Marietta had snapped on the outdoor light, and all he saw was Flo in her fake fur and red fright wig. Marietta didn’t seem to be evincing any sign of overwhelming joy, but she was letting Flo in. As Mike’s official resident lady friend, Flo might hold some kind of quasifamilial status among the Woozles. Or perhaps Marietta just welcomed any audience to unload an account of her latest real-life drama on.

They could sit over a cup of coffee in the red-and-blue dinette while Marietta gave Flo an earful about how she’d foiled the perfidious designs of the vile Professor Shandy. Flo could riposte with his comeuppance from Miss Minerva Mink. All told, Shandy wasn’t cutting much of a figure around the Seven Forks. Well, he might as well turn a disastrous day into a total ruin. On to the Dirty Duck.

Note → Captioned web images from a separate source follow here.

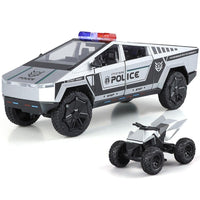 Police Cybertruck Metal Toy Car Set 1:24 image 2
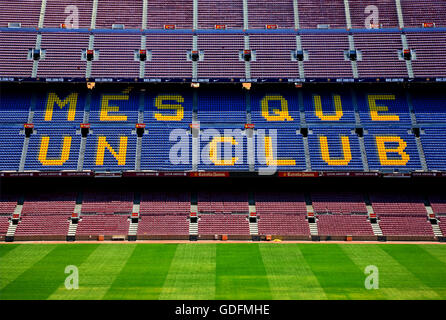 The Camp Nou, the football stadium of FC Barcelona. Barcelona city, Catalonia, Spain Stock Photo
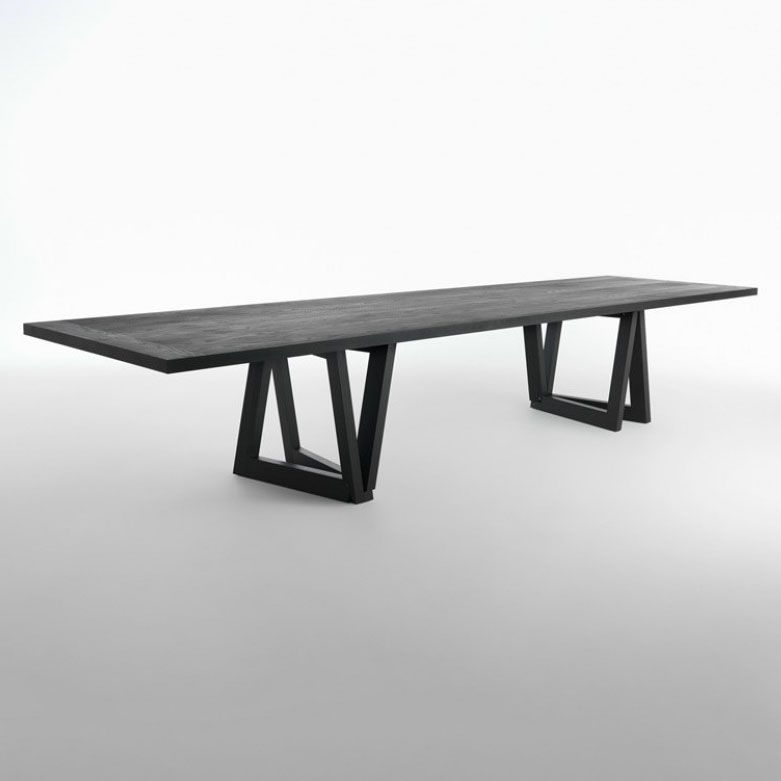 Modern Black Rectangle Dining Table Solid Wood Top Iron Base Table Clearhalo 'Dining Tables & Seating' 'Dining Tables' 'dining_table' 'furn' 'furn_dining_table' 'Furniture' 'Kitchen & Dining Furniture' 1200x1200_d05fb328-16f0-4825-90ba-ceb11b59ecbb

The roadhouse’s interior was almost exactly as scabrous as Shandy had pictured it, except that he’d forgotten to include an old black-and-white television set with a totally flyspecked screen blaring away mostly unheeded on a shelf behind the bar. He ordered a beer and told the bartender not to bother about a glass. The bottle would be cleaner. Or so Shandy assumed until the bartender gallantly twisted the top off for him and wiped the neck with an unspeakable rag before shoving it across the beer-puddled, popcorn-strewn counter. There wasn’t much Shandy could do except give the bottle a surreptitious wipe on his coat sleeve and send up a silent orison to whichever saint might happen to be in charge of streptococcus bacilli.